TASK GOAL: Only the text should come through, so restate the listing exactly and drop its images.

MATERIAL PROVIDED:
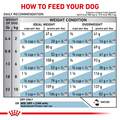 Royal Canin Veterinary Diet Adult Hydrolyzed Protein Small Dog Dry Food, 8.8 lb bag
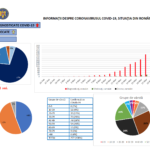 Statistiche sui casi di coronavirus in Romania al 19 marzo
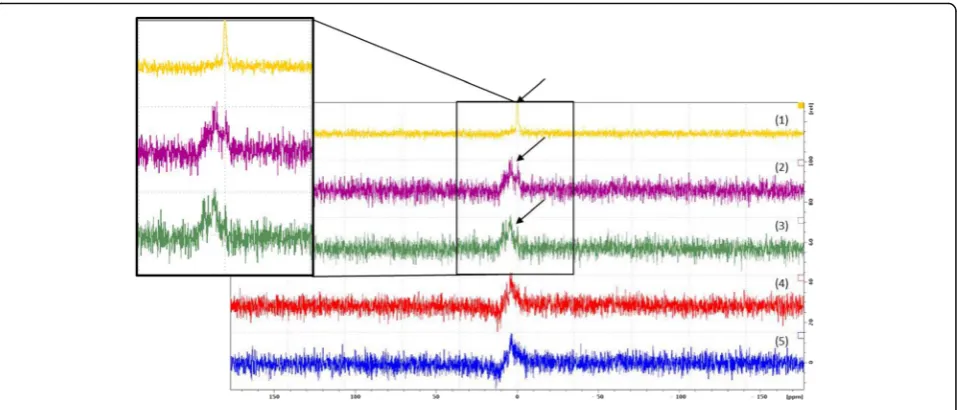 Fig. 3 19F MRS of five samples containing Cell Sense (1) and different amounts of Cell Sense-labelled cells: 1 million (2), 5 × 105 (3), 2.5 × 105 (4),1.25 × 105 (5)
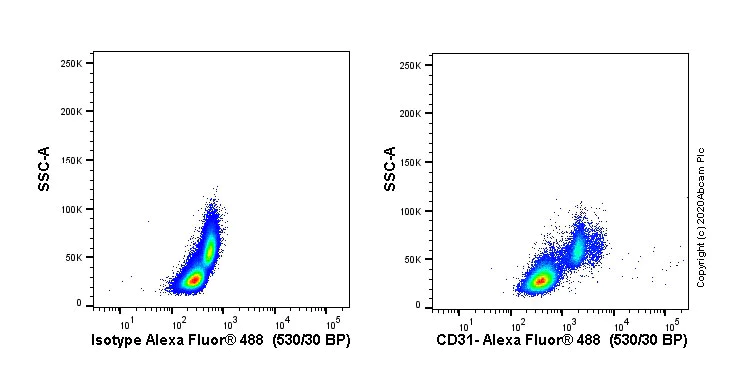 Flow Cytometry - Anti-CD31 antibody [JC/70A] (AB9498)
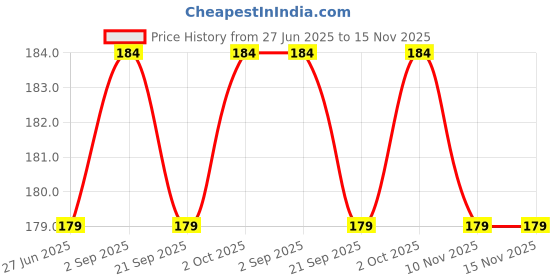 amazon.in WiggleBoo Chicken & Pumpkin Hamster Treat | Protein Rich | Natural Detoxifier | for All Hamster Breed | Crunchy Food Snack (30g) Price History Graph from 27 Jun 2025 to 15 Nov 2025
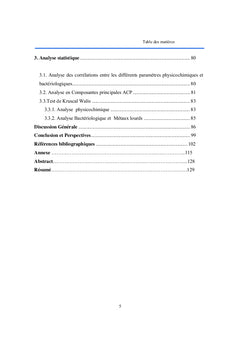 Analyse physicochimique et bacteriologique des eaux souterraines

SOLUTION FOR THIS EXERCISE:
 Royal Canin Veterinary Diet Adult Hydrolyzed Protein Small Dog Dry Food, 8.8 lb bag
 Statistiche sui casi di coronavirus in Romania al 19 marzo
 Fig. 3 19F MRS of five samples containing Cell Sense (1) and different amounts of Cell Sense-labelled cells: 1 million (2), 5 × 105 (3), 2.5 × 105 (4),1.25 × 105 (5)
 Flow Cytometry - Anti-CD31 antibody [JC/70A] (AB9498)
 amazon.in WiggleBoo Chicken & Pumpkin Hamster Treat | Protein Rich | Natural Detoxifier | for All Hamster Breed | Crunchy Food Snack (30g) Price History Graph from 27 Jun 2025 to 15 Nov 2025
 Analyse physicochimique et bacteriologique des eaux souterraines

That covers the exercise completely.